#### [SOURCE MATERIAL]
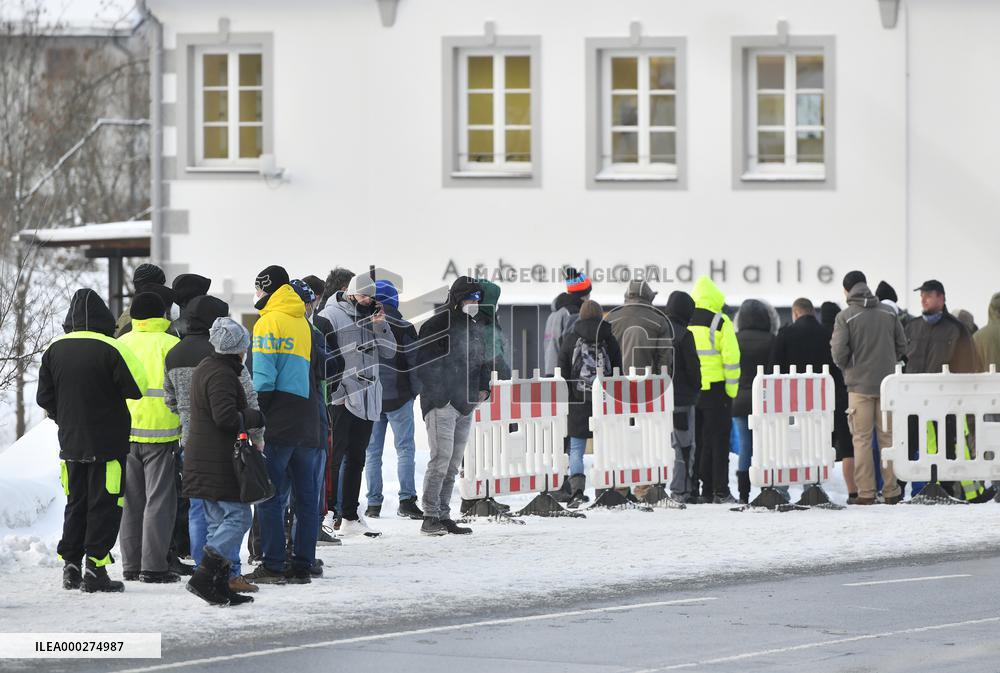 queue of commuters waiting for mandatory coronavirus tests in Bayerisch Eisenstein
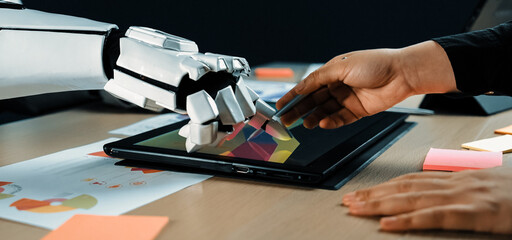 A creative workspace showing a robotic arm and human hand interacting with a touchscreen device, highlighting human-robot collaboration in design and innovation processes.Noogenesis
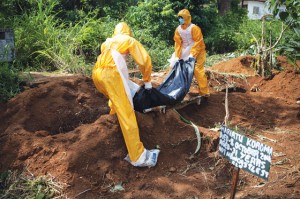 A team of funeral agents specialized in the burial of victims of the ebola virus put a body in a grave at the fing tom cemetery in freetown. AFP Photo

#### [YOUR OBJECTIVE]
The whole listing above should be restated word for word, minus any images.

#### [SOLUTION TO THE EXERCISE]
 queue of commuters waiting for mandatory coronavirus tests in Bayerisch Eisenstein
 A creative workspace showing a robotic arm and human hand interacting with a touchscreen device, highlighting human-robot collaboration in design and innovation processes.Noogenesis
 A team of funeral agents specialized in the burial of victims of the ebola virus put a body in a grave at the fing tom cemetery in freetown. AFP Photo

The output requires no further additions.